While the FCA agreed with TransAlta that the allocation negotiated between arm's length parties is also an important factor to consider, it emphasized that it does not trump the reasonableness test under section 68. The FCA also cautioned that the weight given to an arm's length negotiated agreement will vary depending on the circumstances: considerable weight will be given to an agreement where the parties have strong divergent interests concerning the allocation, while less weight will be given to an agreement where one of the parties is indifferent or both parties' interests are aligned. In this case, the Tax Court judge had concluded that AltaLink was indifferent to any allocation of the purchase price to the tangible assets above NRBV, due to the fact that its rate-setting base would be limited to the NRBV of those assets, as well as to the fact that the effective depreciation rate for goodwill would be similar to the depreciation rates for the classes of tangible assets purchased. The parties' agreed upon allocation of purchase price in the purchase and sale agreement indicated that a little more than 50% of the tangible assets were class 1 (4%), while the remaining assets were class 2 (6%).

4. WAS THE GOODWILL ALLOCATION REASONABLE?

In the FCA's view, the Tax Court judge did not apply the reasonable business person test, instead using a test with no guiding principles that allowed him to substitute his own subjective allocation for the goodwill allocation agreed upon by the parties. The FCA concluded that the agreed upon allocation was reasonable because it complied with industry and regulatory standards and was consistent with standard valuation theory for regulated businesses and standard accounting principles applied in such industries.

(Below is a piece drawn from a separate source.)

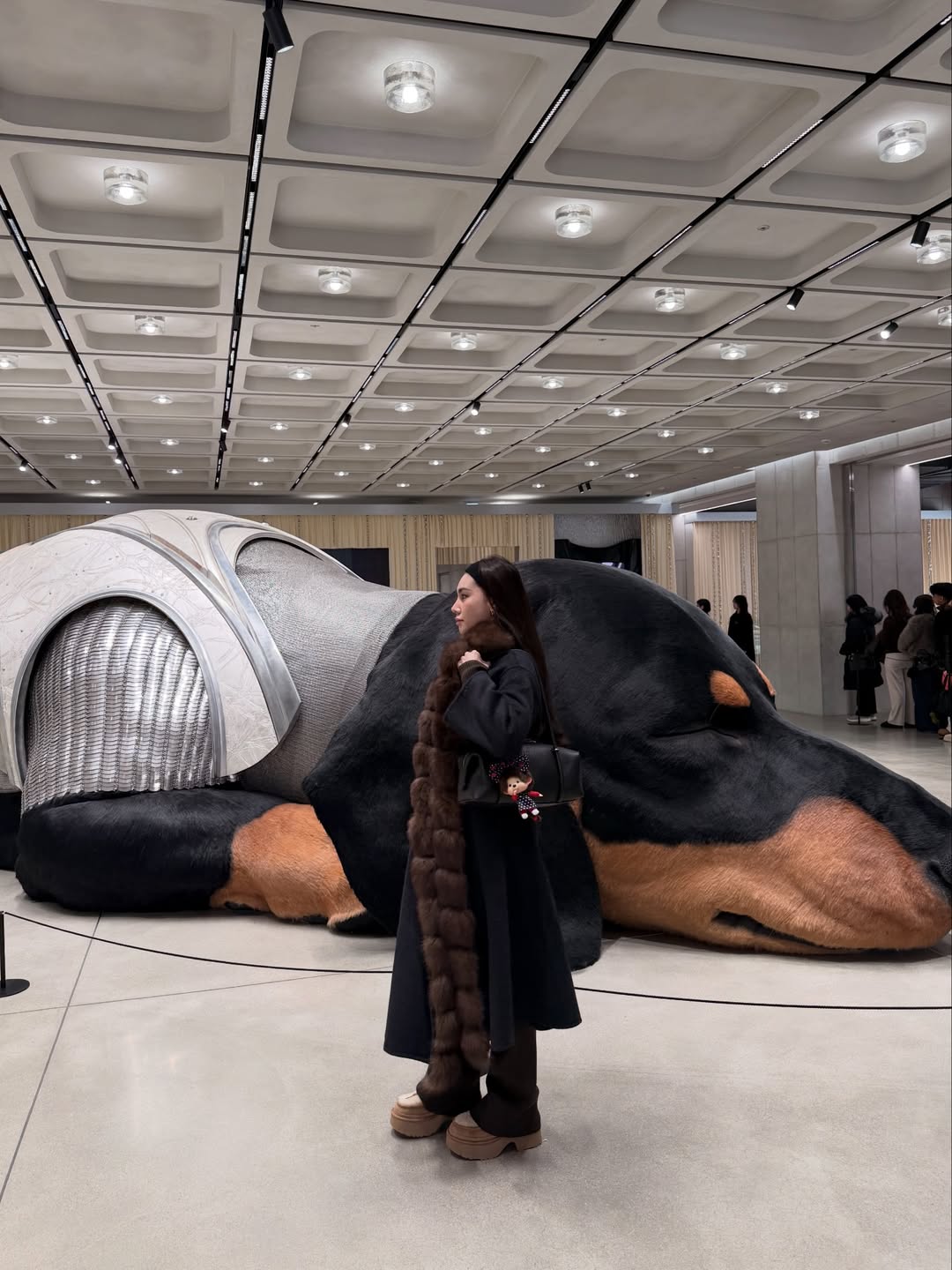 ดาว - พิมพ์ทอง วชิราคม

Based on its answers to these four questions, the FCA allowed TransAlta's appeal and dismissed the Crown's cross-appeal.

Footnote

1 Regarding the potential tax allowance benefit, the issue was whether and how the "stand alone" principle should be applied in AltaLink's case. In the rate-setting process, regulatory authorities generally follow the stand alone principle: the regulated business is treated as a separate entity and only those costs and risks borne by the business which pertain to its provision of services to ratepayers are reflected in the revenue requirement. The question was whether AltaLink was entitled to a tax allowance even though its partners (and not it, since it was a partnership) would be liable for tax on the income earned by the partnership. The Board concluded that AltaLink was entitled to a tax allowance as three of its four partners were taxable entities in Canada, but it disallowed part of the estimated allowance which related to the tax-exempt Ontario Teachers Pension Plan's participation in the partnership. In another case where the application of the stand-alone principle was at issue, the Ontario Energy Board concluded that a partnership, whose partners were taxable Canadian corporations, was entitled to a tax allowance even though it had sufficient losses available to fully offset its taxable income. The Board in that case concluded that the partnership still incurred a tax liability, which was a real cost eligible for recovery.